O ruído discreto mas perfeitamente audível, persistente, sorna, acompanhou-o a noite inteira, como já o acompanhara nas anteriores, como o escoltaria todas as noites em que ele deliberasse fazer serão.
Os ratos devoravam, no forro dos soalhos, dos tectos, das paredes, por entre as prateleiras cevadas de livros e de papéis, a carcaça do velho edifício e o seu venerável recheio. De dia ninguém os escutava. A voz poderosa do funcionalismo que ocupava o casarão antigo abafava todas as demais vozes, todos os rumores. O próprio público que se dirigia aos guichets, à busca de informações, ou tentava introduzir-se nas salas para tratar dos assuntos que na repartição tinham o seu expediente, fazia-o com respeito, com timidez, em fala apagada, submissa, para não dar motivo à fácil irritação dos funcionários, sempre prenhe de desastrosas consequências para os implorantes. Durante as breves horas catalogadas como "horas de trabalho", reinava, de facto, ali, essa entidade soberana - cujas decisões instituem a lei, cujo arbítrio substitui a justiça, cuja inércia é o melhor escudo contra as mutações perigosas da condição social, da sociedade e dos regimes - que constitui a grande, espraiada família do funcionalismo público.

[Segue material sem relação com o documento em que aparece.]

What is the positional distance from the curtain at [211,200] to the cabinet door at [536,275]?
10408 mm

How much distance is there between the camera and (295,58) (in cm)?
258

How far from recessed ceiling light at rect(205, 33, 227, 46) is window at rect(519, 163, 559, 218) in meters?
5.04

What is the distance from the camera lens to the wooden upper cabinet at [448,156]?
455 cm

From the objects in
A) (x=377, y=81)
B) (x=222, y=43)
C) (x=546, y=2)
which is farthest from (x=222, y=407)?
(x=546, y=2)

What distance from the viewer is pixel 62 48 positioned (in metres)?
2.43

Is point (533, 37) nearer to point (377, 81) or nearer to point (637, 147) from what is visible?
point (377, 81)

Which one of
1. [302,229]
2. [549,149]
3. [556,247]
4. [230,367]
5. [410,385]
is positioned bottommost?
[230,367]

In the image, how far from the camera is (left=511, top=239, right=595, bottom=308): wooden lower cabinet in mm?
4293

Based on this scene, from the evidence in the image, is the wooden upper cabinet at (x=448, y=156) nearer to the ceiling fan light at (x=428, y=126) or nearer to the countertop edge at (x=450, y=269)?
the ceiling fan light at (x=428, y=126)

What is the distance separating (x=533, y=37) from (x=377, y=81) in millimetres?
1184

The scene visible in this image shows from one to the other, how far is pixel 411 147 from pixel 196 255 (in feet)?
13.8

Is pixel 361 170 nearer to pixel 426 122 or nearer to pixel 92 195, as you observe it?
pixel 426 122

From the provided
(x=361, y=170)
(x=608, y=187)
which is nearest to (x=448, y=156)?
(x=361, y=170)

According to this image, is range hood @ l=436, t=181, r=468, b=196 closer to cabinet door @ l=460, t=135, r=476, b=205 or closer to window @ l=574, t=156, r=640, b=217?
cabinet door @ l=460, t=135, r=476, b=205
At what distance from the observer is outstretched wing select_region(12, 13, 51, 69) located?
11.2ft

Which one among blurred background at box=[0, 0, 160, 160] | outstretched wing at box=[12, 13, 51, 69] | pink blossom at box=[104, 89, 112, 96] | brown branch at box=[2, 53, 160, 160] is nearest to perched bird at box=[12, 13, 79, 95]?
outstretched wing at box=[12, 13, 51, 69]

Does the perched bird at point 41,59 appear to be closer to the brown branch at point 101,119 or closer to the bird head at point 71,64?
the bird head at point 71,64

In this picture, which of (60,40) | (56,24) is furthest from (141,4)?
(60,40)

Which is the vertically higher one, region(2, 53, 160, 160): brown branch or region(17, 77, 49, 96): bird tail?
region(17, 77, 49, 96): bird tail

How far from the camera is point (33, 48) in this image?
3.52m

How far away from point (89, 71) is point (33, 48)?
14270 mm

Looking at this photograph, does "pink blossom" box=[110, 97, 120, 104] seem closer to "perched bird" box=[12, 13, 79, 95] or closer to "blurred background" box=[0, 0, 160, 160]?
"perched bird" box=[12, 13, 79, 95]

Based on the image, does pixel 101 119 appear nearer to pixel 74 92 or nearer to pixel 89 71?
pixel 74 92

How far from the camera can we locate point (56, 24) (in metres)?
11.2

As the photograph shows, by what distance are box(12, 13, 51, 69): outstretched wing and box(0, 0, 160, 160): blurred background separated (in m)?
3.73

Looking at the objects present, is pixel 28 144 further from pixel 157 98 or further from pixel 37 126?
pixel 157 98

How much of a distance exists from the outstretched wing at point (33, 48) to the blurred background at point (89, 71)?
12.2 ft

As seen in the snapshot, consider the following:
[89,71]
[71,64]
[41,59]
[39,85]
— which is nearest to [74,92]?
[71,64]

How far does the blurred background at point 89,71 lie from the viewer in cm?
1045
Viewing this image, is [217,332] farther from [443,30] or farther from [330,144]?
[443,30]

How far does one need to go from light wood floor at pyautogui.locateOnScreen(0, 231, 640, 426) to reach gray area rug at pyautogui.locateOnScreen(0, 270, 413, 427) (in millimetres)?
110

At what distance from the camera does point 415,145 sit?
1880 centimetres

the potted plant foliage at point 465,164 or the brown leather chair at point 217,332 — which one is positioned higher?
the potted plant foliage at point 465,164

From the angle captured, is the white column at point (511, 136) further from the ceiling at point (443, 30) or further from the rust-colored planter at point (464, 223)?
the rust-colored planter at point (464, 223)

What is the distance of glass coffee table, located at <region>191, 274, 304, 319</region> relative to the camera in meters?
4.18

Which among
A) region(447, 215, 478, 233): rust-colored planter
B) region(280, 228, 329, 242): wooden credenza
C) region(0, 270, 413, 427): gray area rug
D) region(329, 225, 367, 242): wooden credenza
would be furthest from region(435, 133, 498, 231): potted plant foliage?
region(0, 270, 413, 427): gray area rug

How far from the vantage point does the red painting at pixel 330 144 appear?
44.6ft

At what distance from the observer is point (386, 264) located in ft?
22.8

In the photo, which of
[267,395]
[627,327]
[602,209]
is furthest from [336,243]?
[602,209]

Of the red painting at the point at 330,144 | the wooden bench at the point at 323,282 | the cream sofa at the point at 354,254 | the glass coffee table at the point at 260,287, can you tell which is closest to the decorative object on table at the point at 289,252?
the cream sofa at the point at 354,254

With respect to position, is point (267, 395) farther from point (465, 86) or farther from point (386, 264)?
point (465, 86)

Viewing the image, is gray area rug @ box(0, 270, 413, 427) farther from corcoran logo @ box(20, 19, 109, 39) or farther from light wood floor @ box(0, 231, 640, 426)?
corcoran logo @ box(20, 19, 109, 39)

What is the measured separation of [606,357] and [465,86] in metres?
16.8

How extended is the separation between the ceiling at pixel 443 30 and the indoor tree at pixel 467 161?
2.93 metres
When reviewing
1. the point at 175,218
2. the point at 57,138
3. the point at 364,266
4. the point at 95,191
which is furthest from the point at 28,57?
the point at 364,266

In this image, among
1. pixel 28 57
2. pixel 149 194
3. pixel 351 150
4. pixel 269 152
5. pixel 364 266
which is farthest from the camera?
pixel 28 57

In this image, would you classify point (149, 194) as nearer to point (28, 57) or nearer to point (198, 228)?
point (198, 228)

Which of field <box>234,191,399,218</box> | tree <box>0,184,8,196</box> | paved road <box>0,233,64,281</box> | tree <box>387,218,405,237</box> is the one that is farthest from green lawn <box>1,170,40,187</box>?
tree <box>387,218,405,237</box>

Os ratos, intimidados pela presença dos senhores do edifício, pelo falatório, pelo ranger dos passos sobre o soalho decrépito, não ousavam chamar sobre a sua faina clandestina e corrosiva a atenção de quem lhes não convinha para inimigo. E aproveitavam essas curtas horas de humana actividade para fruir um merecido repouso. Desse modo, a soberania da velha casa se dividia, em boa paz, entre os funcionários e os ratos.
Parágrafos iniciais do conto "A história de Venâncio, segundo-oficial", que fala da desastrosa luta entre um funcionalismo ineficiente e uma manada de ratos bastante disciplinada. Foi publicada no livro "Carnaval e outros contos" (1958), do português Joaquim Paço D'Arcos (1908 - 1979).